*THE DATA:*
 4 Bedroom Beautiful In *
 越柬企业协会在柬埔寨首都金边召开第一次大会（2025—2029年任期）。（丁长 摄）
* * *
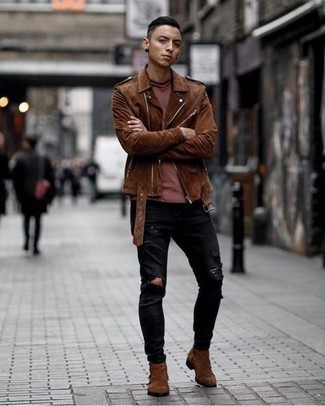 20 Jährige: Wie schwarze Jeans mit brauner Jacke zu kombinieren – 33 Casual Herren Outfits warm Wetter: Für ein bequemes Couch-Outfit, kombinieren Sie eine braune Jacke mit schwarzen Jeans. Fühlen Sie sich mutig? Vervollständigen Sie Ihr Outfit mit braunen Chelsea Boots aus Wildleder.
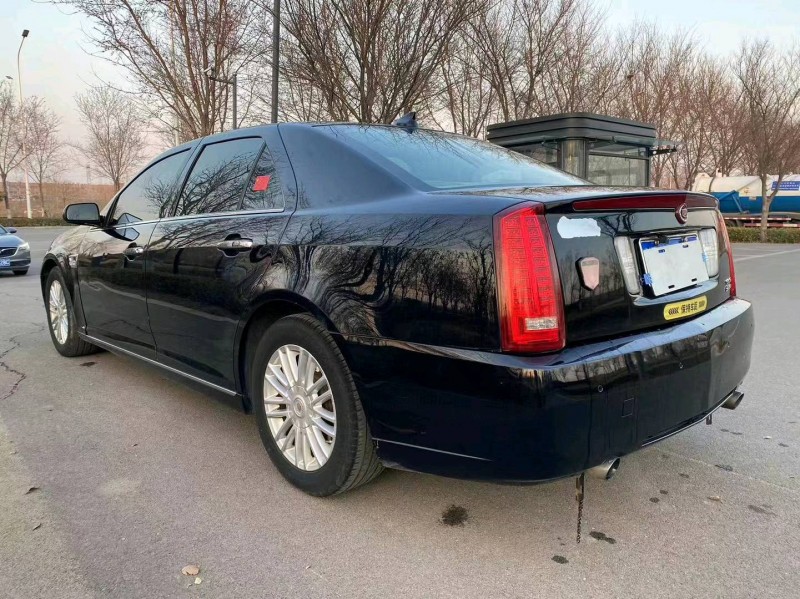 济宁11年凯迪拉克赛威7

*TASK DETAILS:*
Of the entries above, repeat exactly the lines between the line with "4 Bedroom Beautiful In *" and the line with "越柬企业协会在柬埔寨首都金边", inclusive, and no others.

*OUTPUT FOR THIS EXERCISE:*
 4 Bedroom Beautiful In *
 越柬企业协会在柬埔寨首都金边召开第一次大会（2025—2029年任期）。（丁长 摄）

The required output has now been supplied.